Wait, it was going to be bigger than huge. The line would start to form about an hour prior to opening, and then the lemonade would flow until the last drop relentlessly released itself from the big yellow decanter. As a 10-year-old marketer, I was resigned to the tools of my elementary schooling: paper, pen and tape. But I thought I had the pull of Apple’s 1984 campaign four years before its time. So I let my pen take over, and before long that powerful 8½- x 11-in. billboard was slapped to the concrete pole of illumination. It read: LEMONADE SALE ON FRIDAY. SIGN UP NOW FOR YOUR CHANCE AT PRIZES. I even braced the paper for inclement weather (it was covered in tape) and hung a pen beside it. Yes, now I thought this was going to be bigger than ever.

However, the next day came, and it didn’t come with any signatures or autographs. The next day after that came, and now I was losing money with this promotion: Somebody had stolen my new pen. And on the third day, the inner boasting turned into a bust.

Today, the Federal Highway Administration is living my puckered-out lemonade campaign. It has this undeniable product, but nobody is signing up for it. Well, OK, a few have so I guess it’s officially a notch above my marketing disaster. However, I believe the light will be shining on this one for quite some time.

HIPERPAV software, which determines early-age behavior in portland cement concrete, has been offered free since its first release in 1996. Two more versions have come and gone, and the momentum has been touch-and-go with contractors for over a decade.

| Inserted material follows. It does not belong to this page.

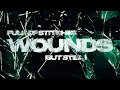 MUDVAYNE - HURT PEOPLE HURT PEOPLE (OFFICIAL LYRIC VIDEO)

Actually, it has been more on the touchy side. I saw an hour of this sensitivity at the latest American Concrete Pavement Association annual meeting in Florida. George Delano of Granite Construction Inc. opened his session titled HIPERPAV: A Contractor’s Perspective with a strong, yet equally harsh, pubic-service announcement. When he asked how many people knew of the software, just about every hand waved. When he then asked how many used it, just one was left dangling. Comments about the software’s shortcomings were now being raised. One contractor wished the technology showed the effects of live traffic load. Another hoped a future version would include ternary mixes.

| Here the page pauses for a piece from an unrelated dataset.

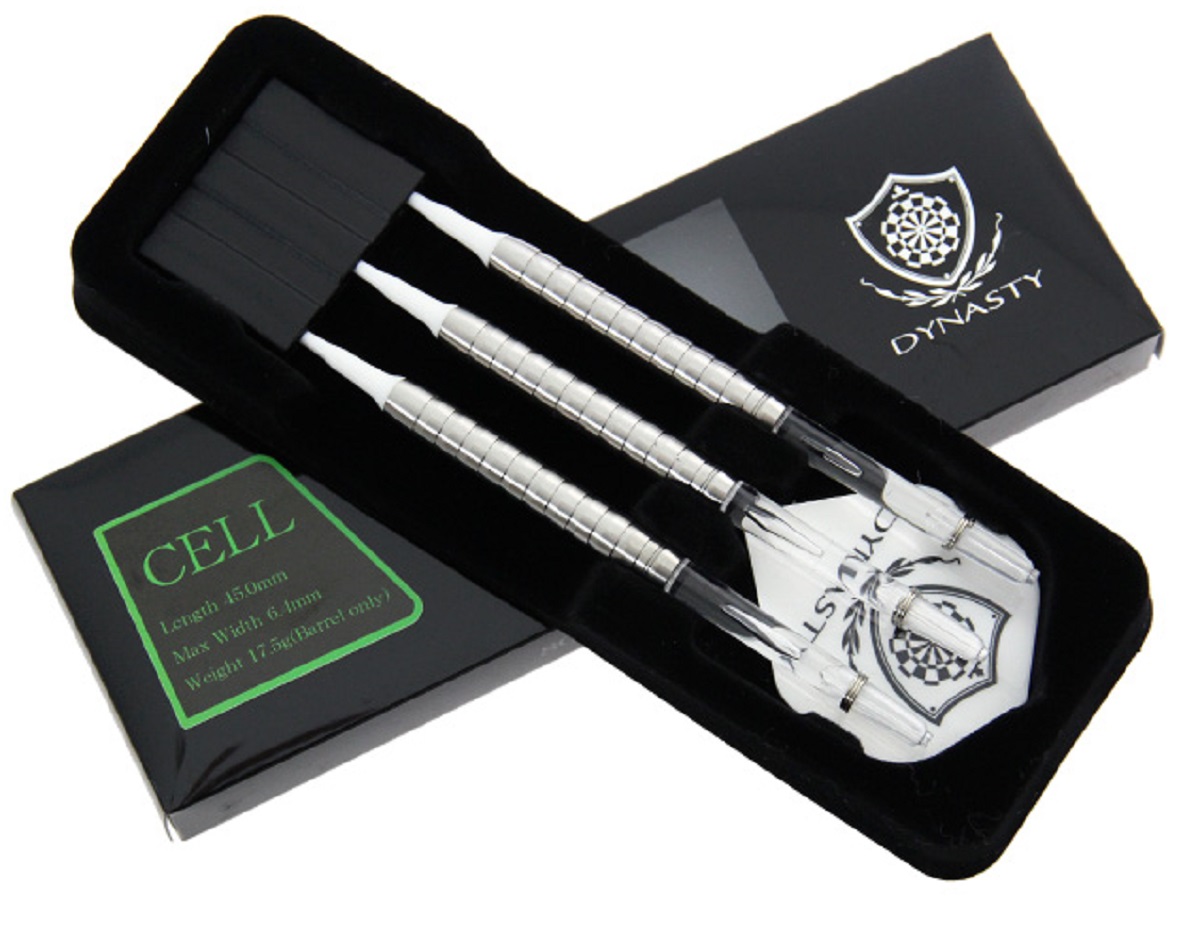 Softdarts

The doubt was prominent, until Delano made his own marketing pitch that was created with one elementary tool: real life. The state of California recently came out with a new requirement that calls for all road construction projects to have a Pavement Early Age Crack Mitigation System. This requires the prime to submit an analysis before the start of every working day, and it must use the HIPERPAV software. Delano’s real life without HIPERPAV story played out on Granite’s Highway 99 Atwater project. There, crews first paved in September before taking a break and returning in October. Welcoming them back were cracks of all varieties. It was later determined that thermal shrinkage and high restraint from a lean concrete base caused the breakdown, and cost the contractor $50,000 to fix. Delano said the mix was revised with less fly ash, an important step that HIPERPAV would have revealed. Granite is now using the software at bid time to determine if the required mix will do the job.

When a new concoction is served, this industry continues to take a long pause before taking a sip. What the FHWA needs to do is hold a series of seminars across the U.S. to shake all the uncertainty out. At the beginning of these sessions should be an open forum, where contractors can voice their reservations (and possible enhancements) to the FHWA. Those at the state level also need to be involved, and perhaps in no time both sides will be filling their cups with this technology. I wouldn’t recommend keeping this sales pitch on paper.